I checked the logic of rules - if the soft rule working perfectly, it should eventually find a way of allocation which achieves the highest overall soft score, whereas meeting the other hard/medium rules, isn't it?
I've been trying various things such as tuning algorithm parameters, scaling the score table, etc. but none delivers the optimal solution.
One problem is that you might be facing a score trap (see docs). In that case, make your constraint score more fine grained to deal with that.
If that's not the case, and you're stuck in a local optima, then I wouldn't play too much with the algorithm parameters - they will probably fix it, but you'll be overfitting on that dataset.
Instead, figure out the smallest possible move that gets you of that local optima and a step closer to the global optimum. Add that kind of moves as a custom move. For example if a normal swap move can't help, but you see a way of getting there by doing a 3-swap move, then implement that move.
In the opta planner configuration ,there is a provision to specify the termination time out.
Is there a better way to handle the termination time out strategy? For example , my problem size is small and I have set the termination time out as 10 sec.
But I can see from the logs that the best score is obtained well within 2 - 3 seconds. Is there any means to exit once the best score is reached ?
Or should the program always run till the timeout is reached and then output the best score.
Take a look at the Termination chapter in the OptaPlanner documentation.
What you are referring to is called BestScoreTermination but it might not be what you actually want -- do note that OptaPlanner has no way of knowing if the score is "the optimal score"... unless you configure Exhaustive Search (which doesn't scale well).
Therefore, if you misjudge your problem and set the BestScoreTermination to something "better" than the optimal value, OptaPlanner will run until it tries out all combinations (which might take effectively forever on big problems). If you're looking for a compromise, take a look at "termination composition"
I'm using OptaPlanner to solve some plannig problems. I read the documentation and I'm not quite sure how does exactly Hill Climbing and Tabu Search algorithms work. What I'm unsure of is:
does hill climbing pick only moves with THE BEST score that is BETTER than current one or does it allow to pick moves with THE BEST score that is NOT WORSE than the current one?
does tabu search allow picking moves that have WORSE score than the current one if there is no move leading to a solution with better or equal score to the current one?
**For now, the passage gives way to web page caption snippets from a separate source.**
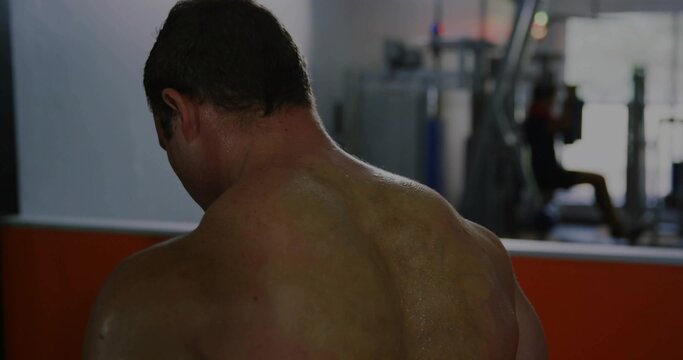 Standing shirtless man flexing back muscles at gym, with mirrored wall and weight machine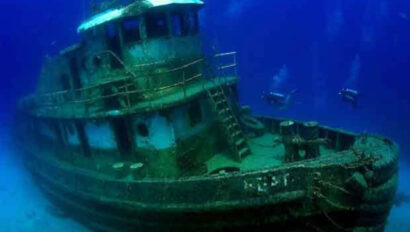 A shipwrecked boat under water.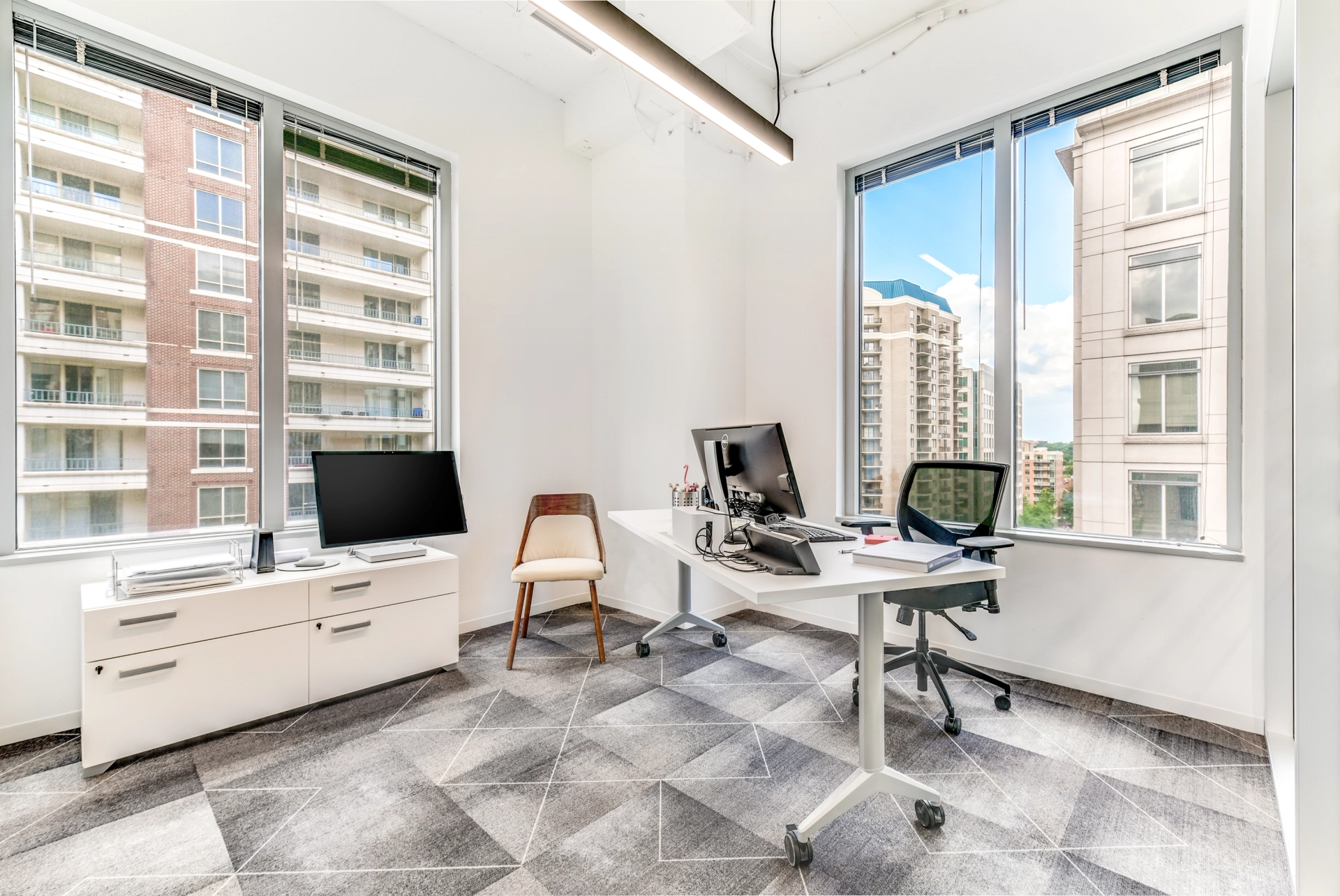 Espace de coworking Arlington avec de grandes fenêtres et un bureau, parfait comme salle de réunion.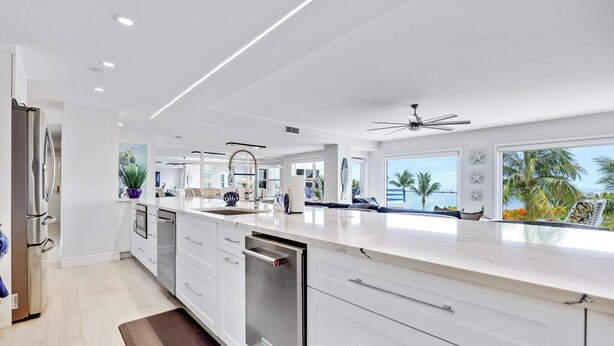 A modern kitchen with white cabinetry, a dishwasher, and a large island. - Sublime Sunsets at the Truman Annex in Key West (Key West)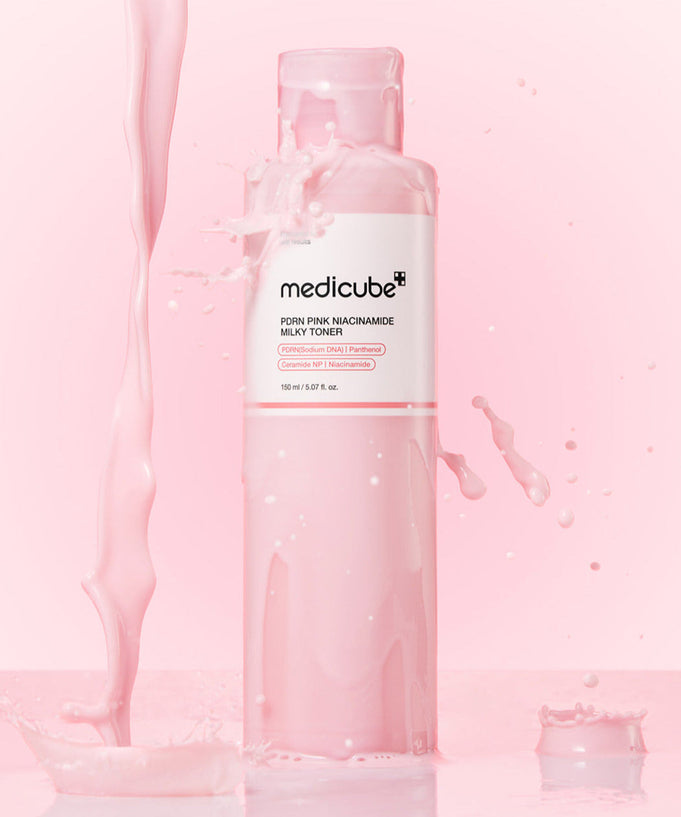 Bottle of MEDICUBE PDRN Milky Toner Essence 150ml with pink liquid splash on a pink background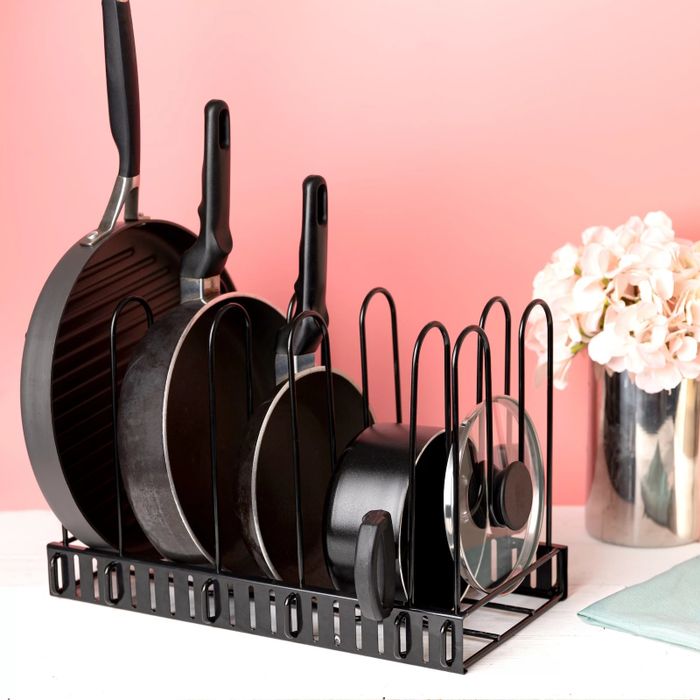 The pot rack positioned horizontally on a kitchen counter.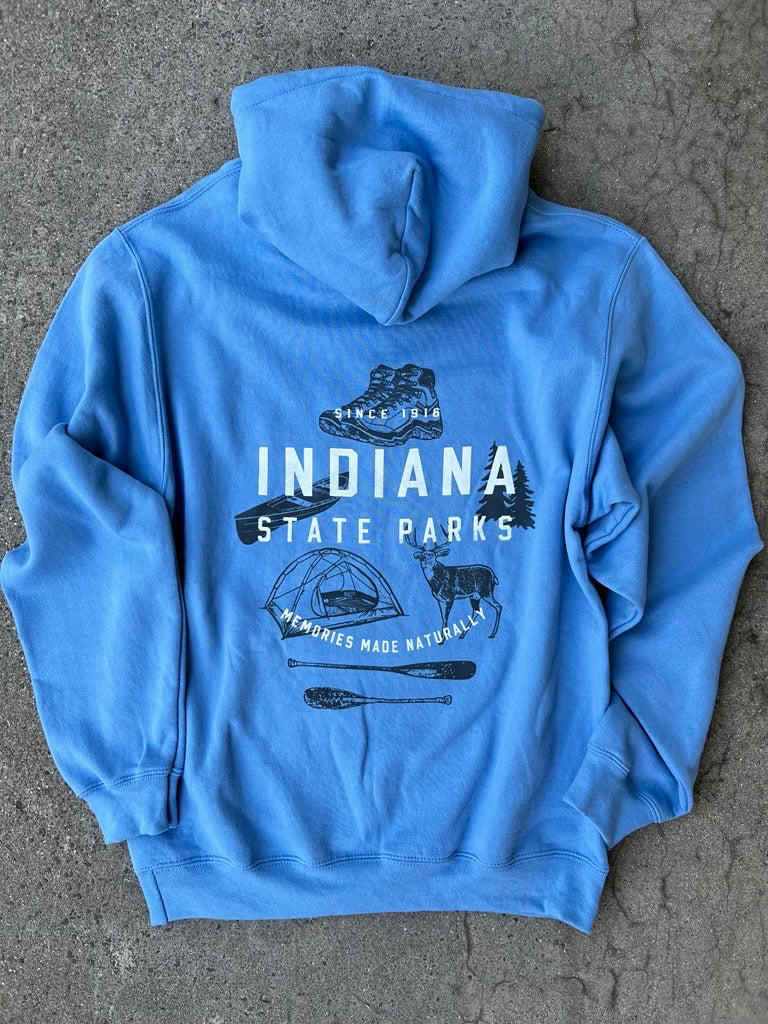 A light blue hooded sweatshirt laid flat on a gray concrete surface, featuring a dark blue graphic print on the back with the text 'INDIANA STATE PARKS' and outdoor-themed illustrations including a hiking boot, tent, deer, and paddleboard.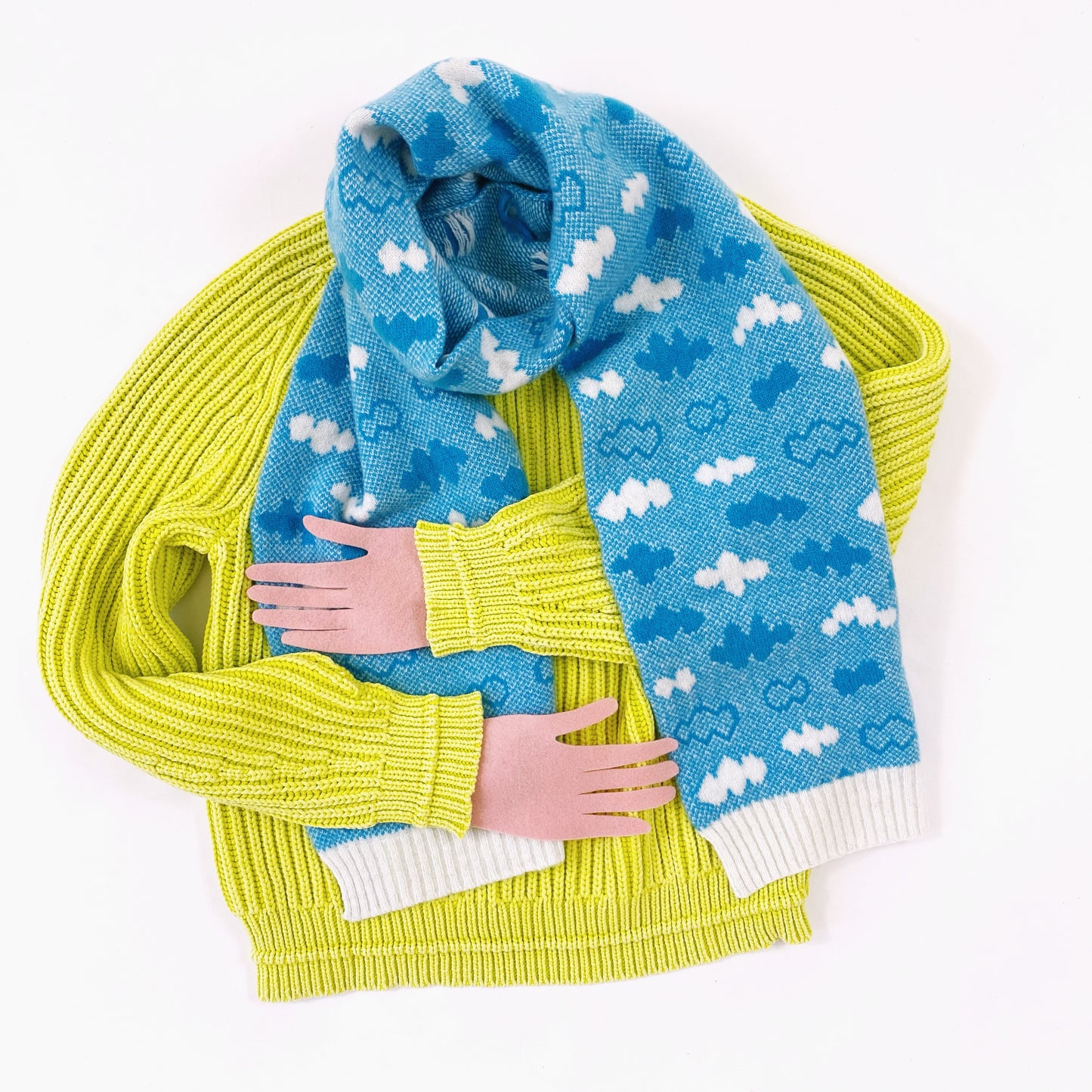 Yellow sweater with blue cloud patterned lambswool scarf on a white background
For Hill Climbing, see HillClimbingAcceptor#isAccepted(...). It accepts any move that has a score that is better or equal to the lastest step score. And looking at the default forager config for hill climing (in LocalSearchPhaseConfig, which says foragerConfig.setAcceptedCountLimit(1);), as soon as 1 move is accepted, it is the winning move.
For Tabu Search, it will select moves that have a worse score, if:
in the number of moves it selects per step (usually acceptedCountLimit is configured to 1000 or so), no better move is seen
OR all the moves that do lead to a better score are in the tabu list (they are "taboo to use"). For solutionTabu, this means that there's a guarantee that they won't lead to a new best solution (but solutionTabu is useless). For entityTabu there is no such 100% guarantee, but you will get a better results in about 99.999999999999999999999999999999999999999999999999999999999999999% of the cases if you have more than let's say 50+ variables (and more if you have a 1000+ variables).
PS: Hill Climbing sucks. There's never a good reason to not use Late Acceptance or Tabu Search instead.
PPS: Use the Benchmarker, do let HC, LA, TS, ... fight against each other. It will give you a lot of insight.